Sign at Broadway Square Apartments, north of Hobby Airport, for Harold Farb Apartment Homes

The last of the Harold Farb apartment complexes has been sold. Cypress Real Estate Advisors, an Austin firm, bought the Nob Hill Apartments on North Braeswood and the West Point Apartments on Woodway last December. And Post Investment Group, an LLC out of LA with some NYC backing, just closed on Farb’s Broadway Square Apartments just north of Hobby Airport.

David Beebe, who’s just posted his own account of the southeast-side walking tour he took with John Lomax last month, has a few comments about his stroll along Broadway:

The [trees] throughout this neighborhood are mature and beautiful. They are, for the most part, oaks. This is a big difference between the Harold Farb pioneered Hobby Airport area and the Frank Sharp designed Sharpstown. If [Sharp] had been as pro-active about tree planting his nighborhood would look more like this. The architecture and age is about the same.
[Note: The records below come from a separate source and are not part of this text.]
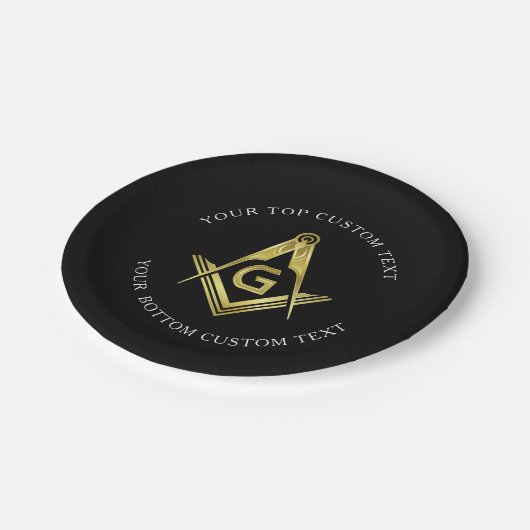 マソカスタムニックパーティー用品 |黒い金ゴールド ペーパープレート (アングル)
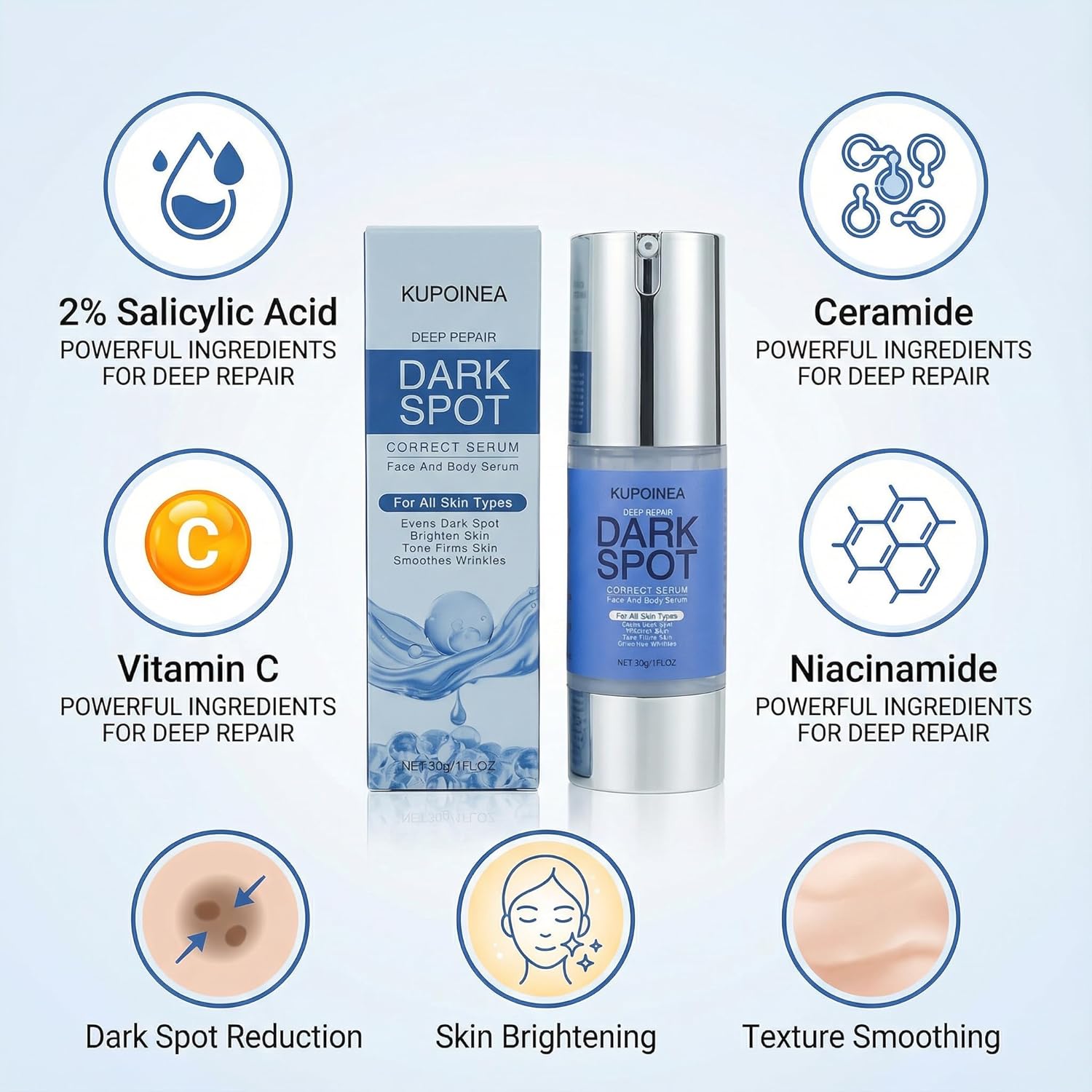 Dark Spot Remover for Face and Body Serum: Advanced Formula Spot Corrector Cream with Niacinamide ，Age Spot Sun Spot Freckles Melasma Brown Spot - for Women and Men (1.0 Fl Oz) - Image 7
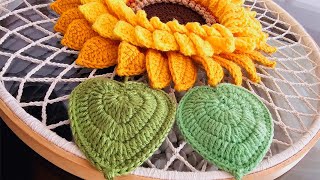 🔥 Como hacer hojas para Girasoles a Crochet [upl. by Granniah]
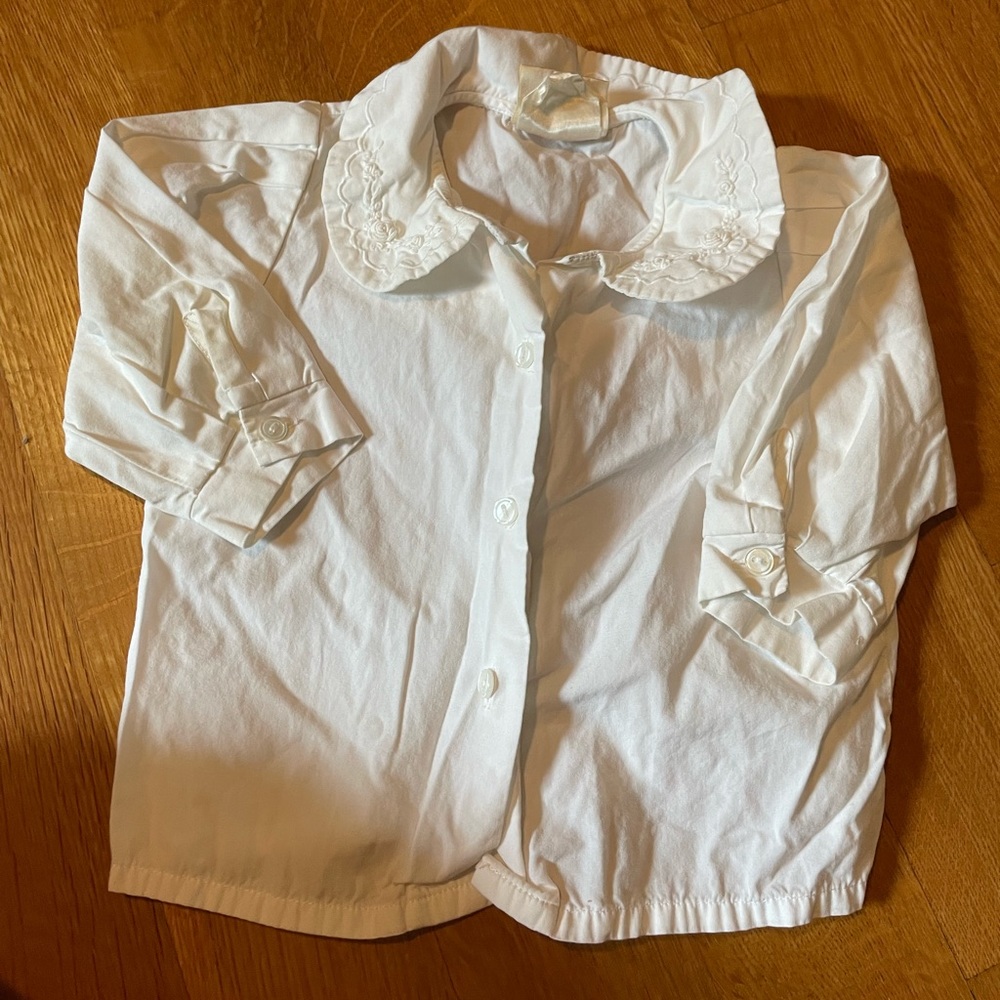 White Collared Decal Blouse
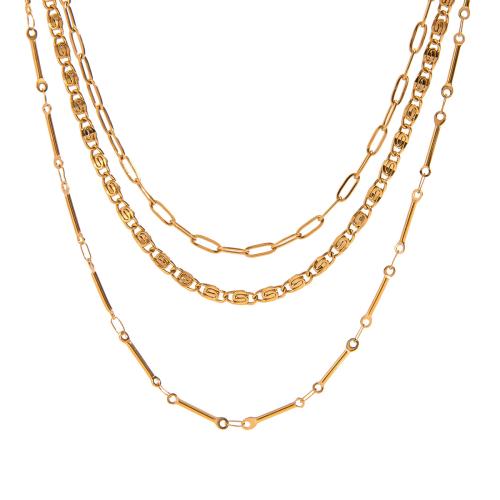 ステンレス鋼のジュエリーネックレス, 304ステンレススチール, メッキ, 3つの層 & ファッションジュエリー & 女性用, 金色, 売り手 パソコン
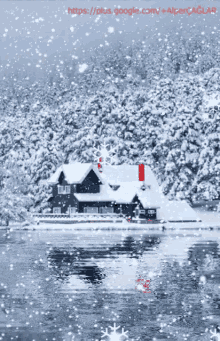 snow fall house lake snow fall house lake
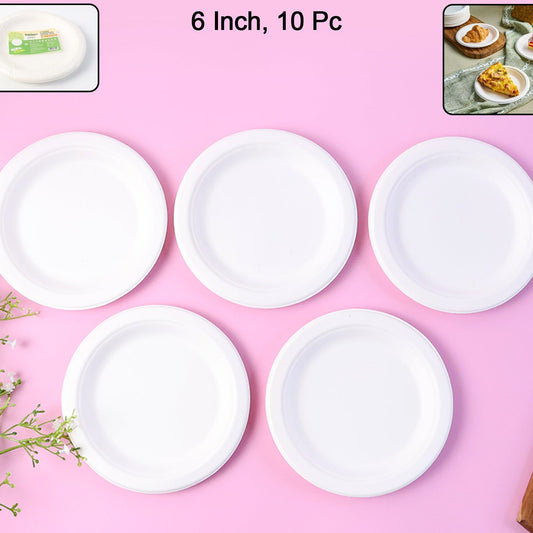 Eco-Friendly 6 Inch Bagasse Plates - 10 Pcs Pack - Happy Price - Image 1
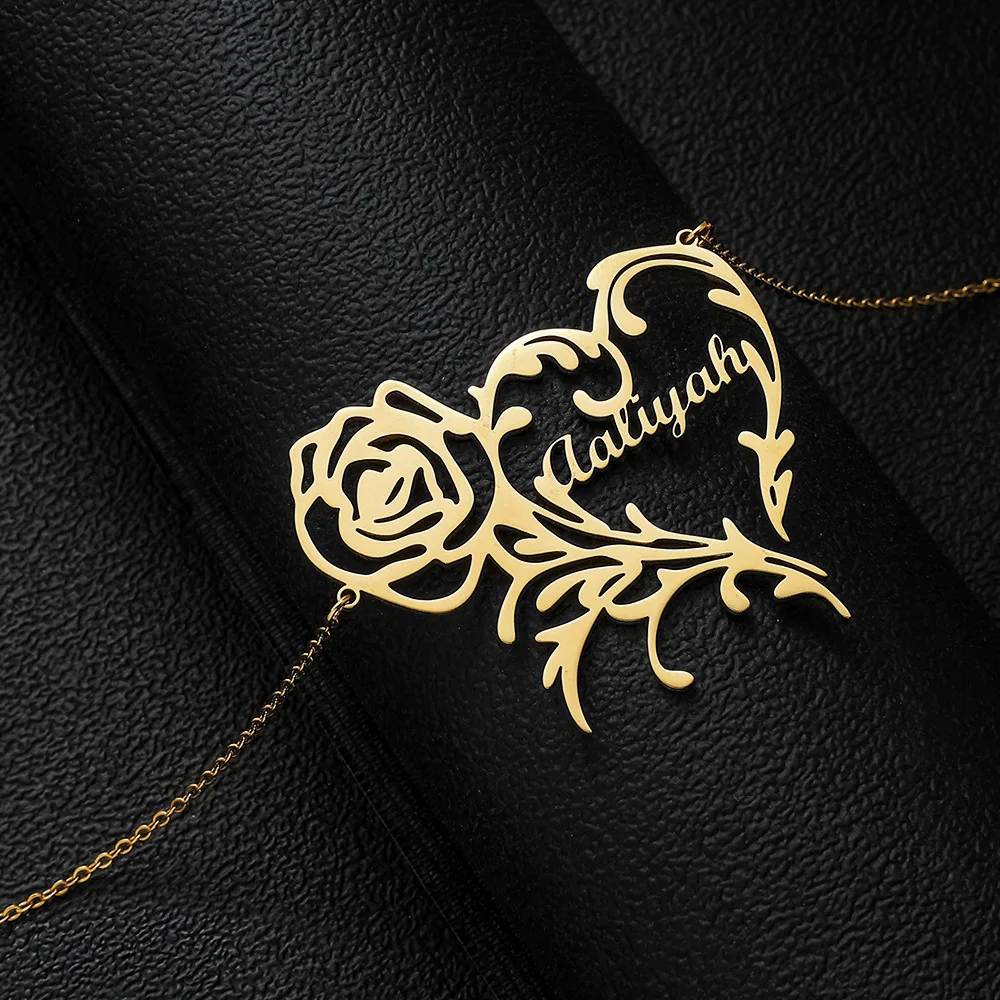 

Personalized Name Necklace Gold Plated Heart Pendant Stainless Steel Customized Letter Choker for Women Jewelry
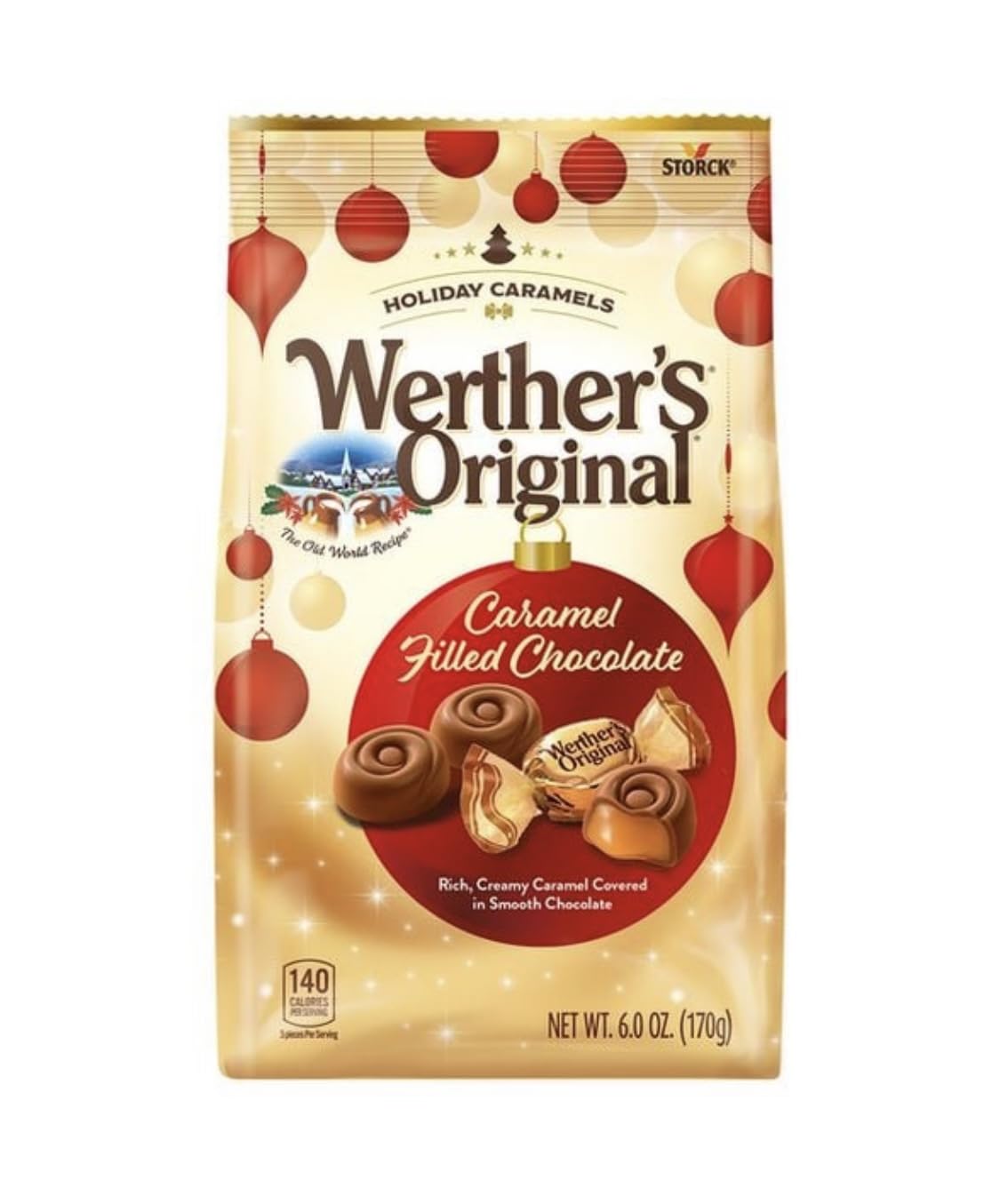 Werthers Original Caramel Filled Chocolate Holiday Caramels, 6 Oz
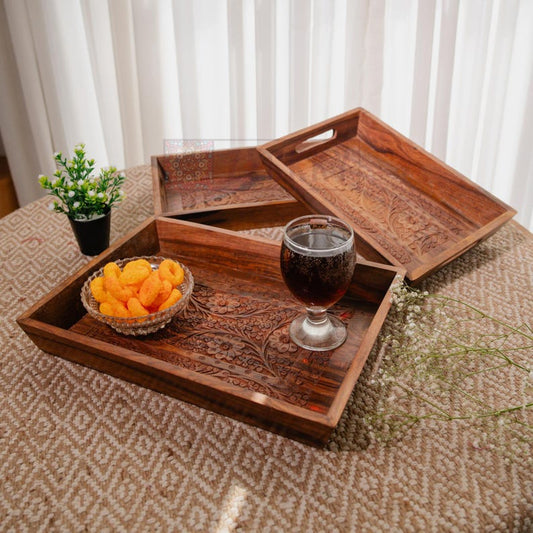 Handmade Rectangular Wood Ottoman Tray: Carved Coffee Table Tea Platter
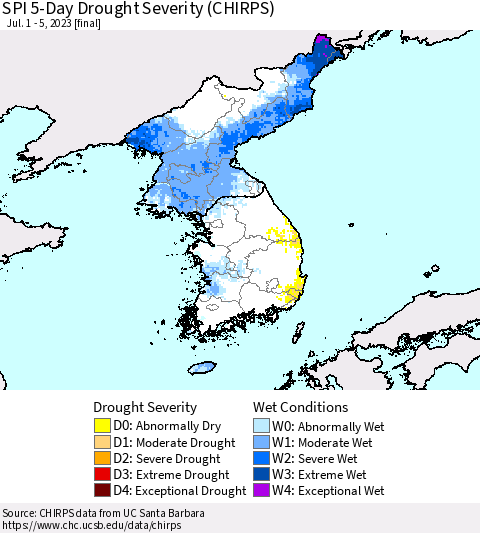 Korea SPI 5-Day Drought Severity (CHIRPS) Thematic Map For 7/1/2023 - 7/5/2023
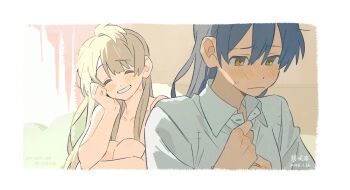 2girls aftersex blue_hair blush brown_hair closed_eyes closed_mouth collared_shirt commentary dated grin hickey highres long_hair looking_at_another love_live! love_live!_school_idol_project minami_kotori minamip multiple_girls orange_eyes shirt smile sonoda_umi sweat white_shirt yuri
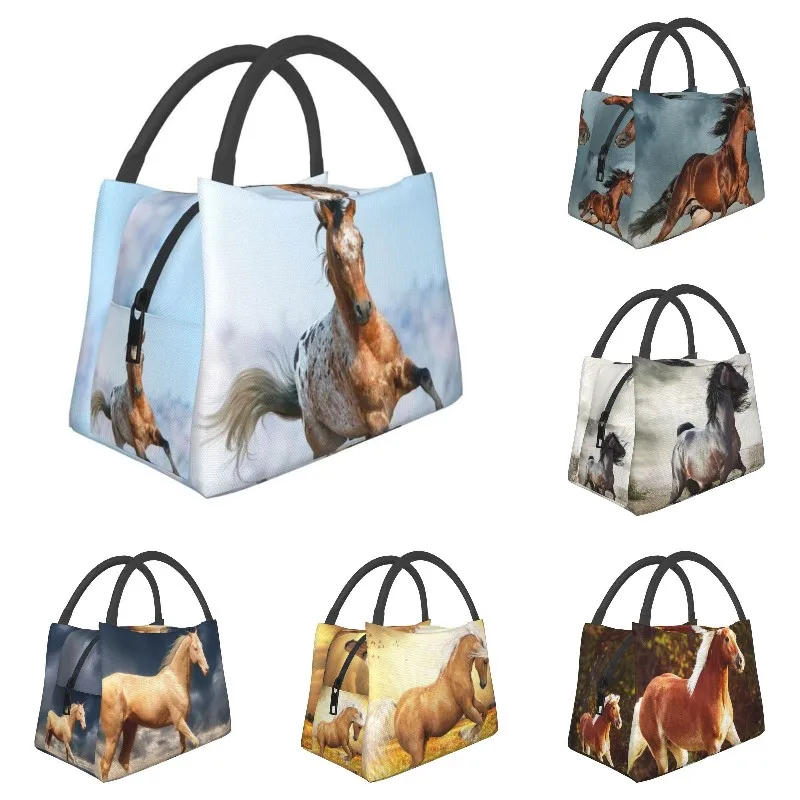 Beautiful Appaloosa Stallion Running Gallop Borsa Da Pranzo Isolata Per Le Donne Portable Horse Thermal Cooler Lunch Box Beach Camping
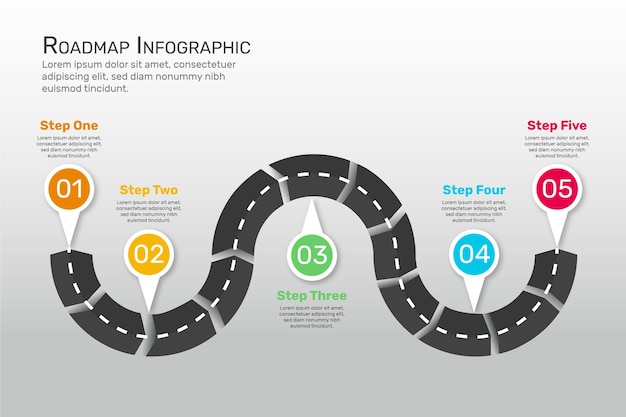 Flat roadmap infographic template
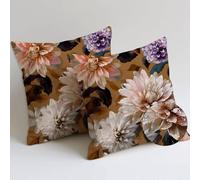 Rosa Cojines Exterior Jardin Juego de 2 Funda Cojin 75x75 cm Flores Cojin Exterior Decorativas Outdoor Cushions Impermeable Felpa Corta Suave Fundas Cojines para Exterior Garden Chair Decor C-266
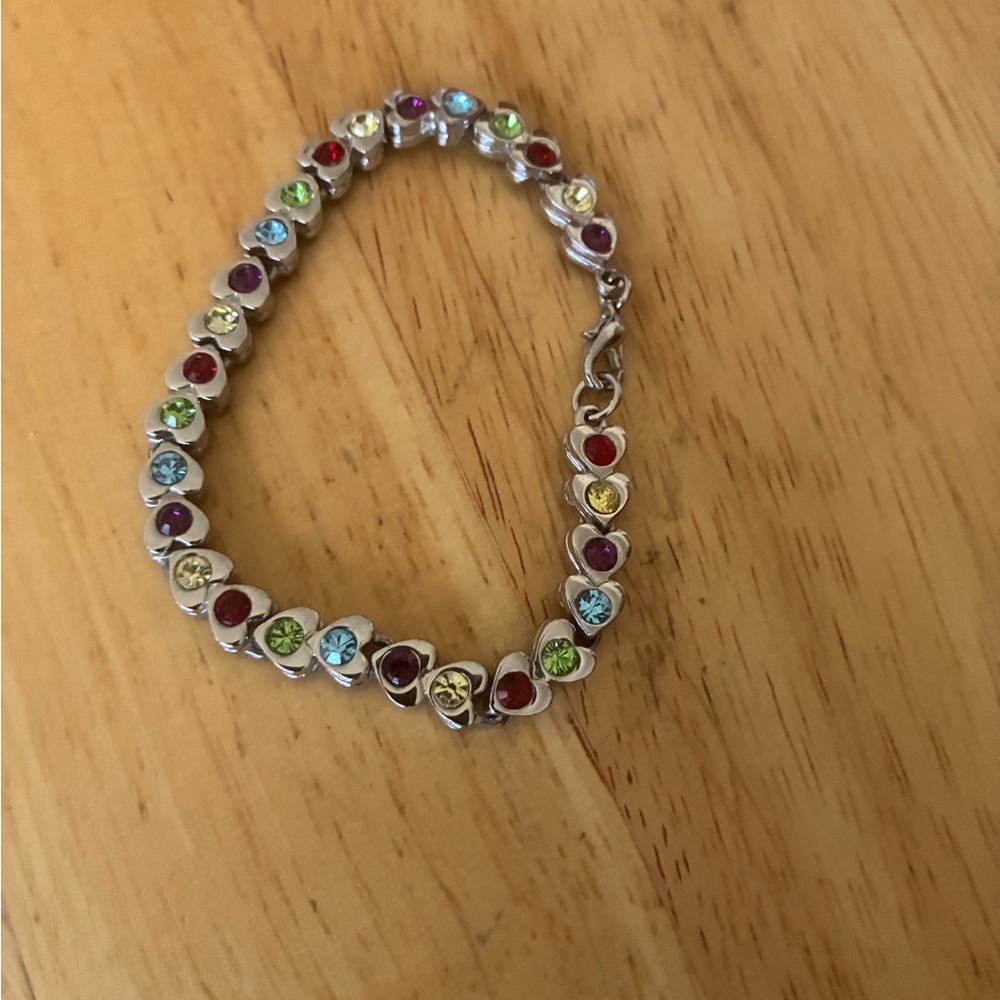 Multicolor Crystal Heart Link Bracelet - Women's Jewelry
. . . and on the Broadway Square Apartments, which Farb built in 1975:

His apartments here on Broadway are still the best looking of the entire area’s- French Victorian style, but without falling off shutters and with better built and ornate wrought iron railings and kempt landscaping.

There’s been no announcement about it, but the iconic signs along Broadway showing a silhouetted Farb wielding what appears to be a roll of blueprints are likely to be replaced. Globe St.‘s Amy Wolff Sorter reports that Post Investments is planning a $2.5-million renovation:

Work will begin in two months on the 182-building complex and take 1.5 years to complete, according to Jack R. Ehrman, Post’s acquisitions director. The lion’s share of the tab will be used to replace 90% of the roofs.